── Raw data ──

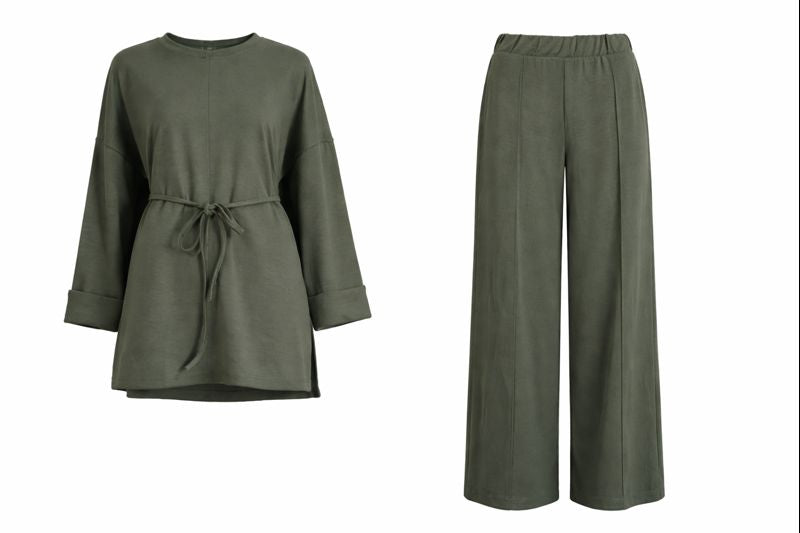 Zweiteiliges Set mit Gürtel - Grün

───
── Raw data ──

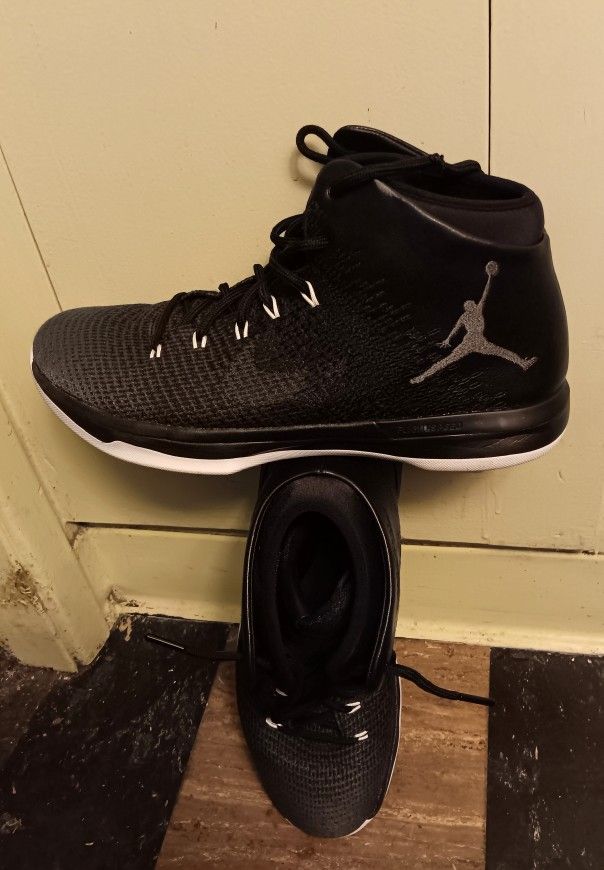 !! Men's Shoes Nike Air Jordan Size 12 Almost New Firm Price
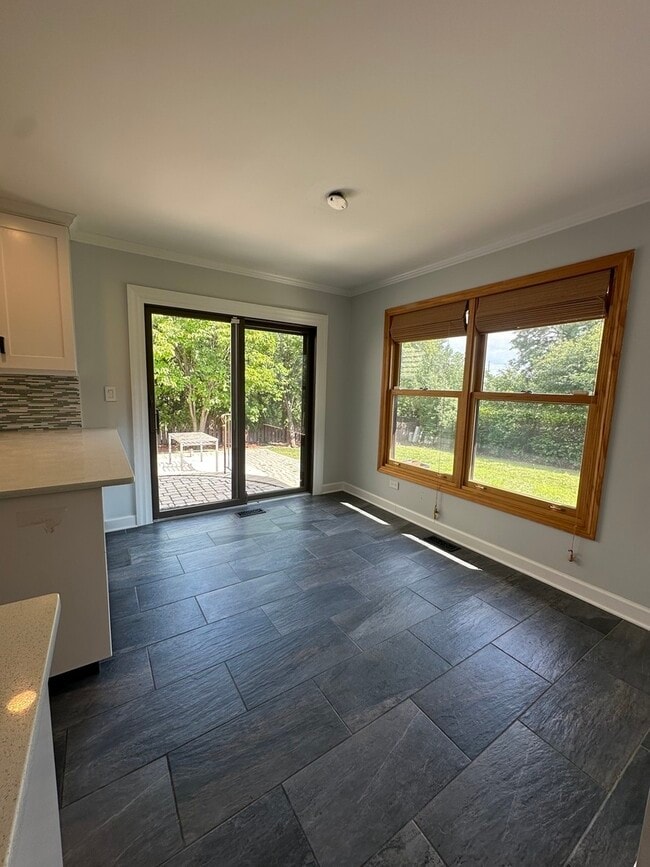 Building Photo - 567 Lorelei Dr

───
── Raw data ──

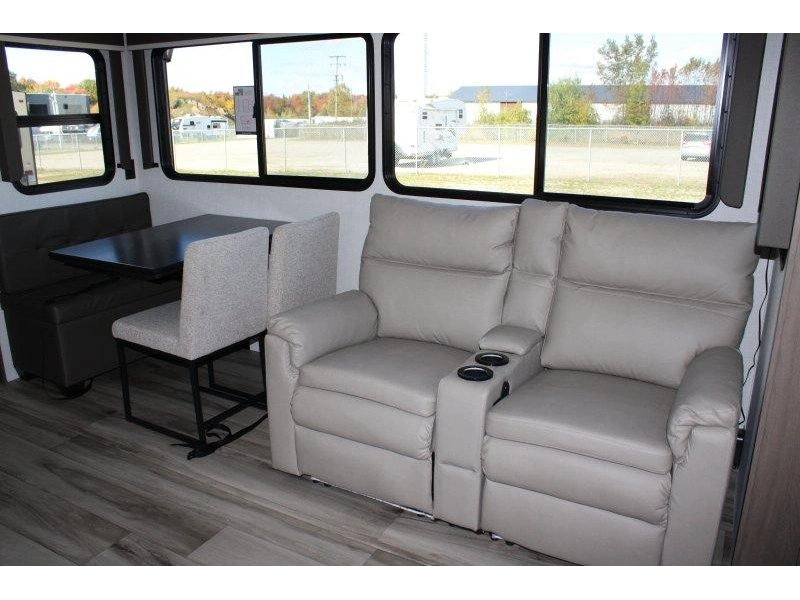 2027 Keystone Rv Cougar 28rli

───

Using the records above, repeat exactly the run of lines that starts with the line with "New Firm Price" and goes on through the line with "Building Photo - 567 Lorelei Dr"; omit each picture.

 !! Men's Shoes Nike Air Jordan Size 12 Almost New Firm Price
 Building Photo - 567 Lorelei Dr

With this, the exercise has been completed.